Miss M is tiny, 5'1 or so. It is a small Giant of some sort. I like the Breezers a lot and just bought a second one for our winter home in Florida (I'm getting Miss M a Shinola Bixby). I'm loving internal gears.


----------



## commutenow (Sep 26, 2004)

MB1 I just looked up the Bixby bikes and they are beautiful.


----------



## palu (Aug 14, 2008)

commutenow said:


> MB1 I just looked up the Bixby bikes and they are beautiful.


Good gracious, they are beautiful! Bit too much money for me, but they do look nice.


----------



## bigrider (Jun 27, 2002)

What do you like in the city bikes more than a commuting/touring rig? It sounds like your big modification is you are not wearing cycling specific shoes and clothes.
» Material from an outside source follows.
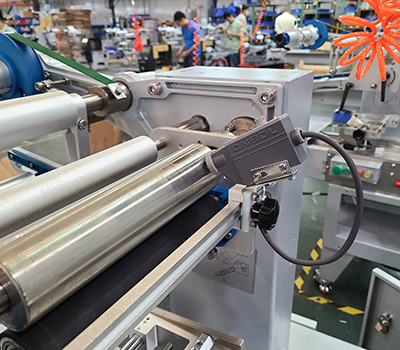 آلة تغليف أكياس الوسائد الصغيرة SZ180L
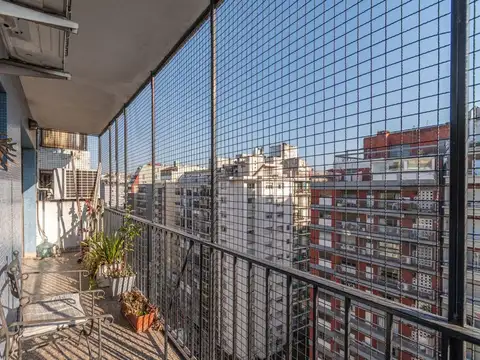 VENTA dpto 4 amb.c/dep Luz y Sol Caballito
Is the upright position a better fit for urban casual riding? HOw do you feel after 25 miles in that position verses your normal position?


----------



## MB1 (Jan 27, 2004)

bigrider said:


> What do you like in the city bikes more than a commuting/touring rig? It sounds like your big modification is you are not wearing cycling specific shoes and clothes.
> 
> Is the upright position a better fit for urban casual riding? HOw do you feel after 25 miles in that position verses your normal position?


For one thing, kickstands are a huge plus. Really, I am not kidding kickstands are great!

No derailleur is sweet which we already know from riding our fixties so much. Yes, the riding position is very nice if perhaps a bit harder on our hands since there aren't as many hand positions on a flat bar as there are on drop bars.

The longest distance we have ridden our city bikes in a day isn't much over 50 miles with several stops. We felt fine at the end of the day.

One thing we have noticed is how easy it is to stop and start on an upright position bike. On our drop bar bikes with clipless pedals we try hard to never stop moving (which naturally leads to running stoplights) on the flat bar bikes stoping for lights is no problem at all. That is big plus too.

I guess I would have to say that what made us like the bikes so much is that we found them to be so much more user friendly for city riding and errands than our other bikes are.

BTW did I mention that we got Miss M a new Shinola Bixby? :thumbsup:


----------



## bigrider (Jun 27, 2002)

MB1 said:


> For one thing, kickstands are a huge plus. Really, I am not kidding kickstands are great!
> 
> No derailleur is sweet which we already know from riding our fixties so much. Yes, the riding position is very nice if perhaps a bit harder on our hands since there aren't as many hand positions on a flat bar as there are on drop bars.
> 
> ...


Miss M has the best toys of any woman I know.
The Bixby is a beautiful work of functional art.
It looks like it has a rear der. on it.


----------



## MB1 (Jan 27, 2004)

bigrider said:


> Miss M has the best toys of any woman I know.
> The Bixby is a beautiful work of functional art.
> It looks like it has a rear der. on it.


Internal 3 speed with a disc brake.

A good thing about all her toys is that she uses them.


----------